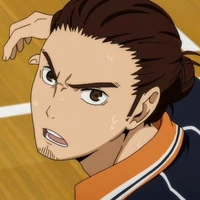 Azumane Asahi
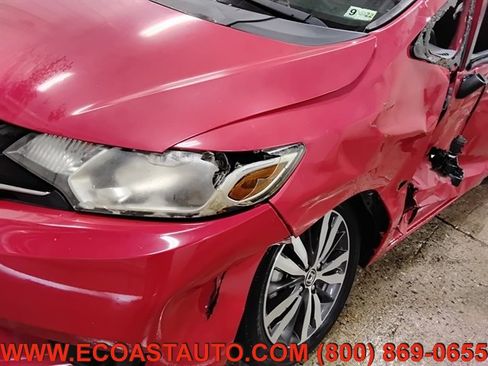 Used 2016 Honda Fit EX image 16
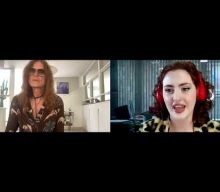 GLENN HUGHES Wanted To Be ‘Very Honest’ In His Autobiography: ‘There’s Nothing In The Book That’s Not Real’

### EXERCISE BRIEF
Apart from the pictures, every line of the material above is to be returned word for word.

### OUTPUT
 Azumane Asahi
 Used 2016 Honda Fit EX image 16
 GLENN HUGHES Wanted To Be ‘Very Honest’ In His Autobiography: ‘There’s Nothing In The Book That’s Not Real’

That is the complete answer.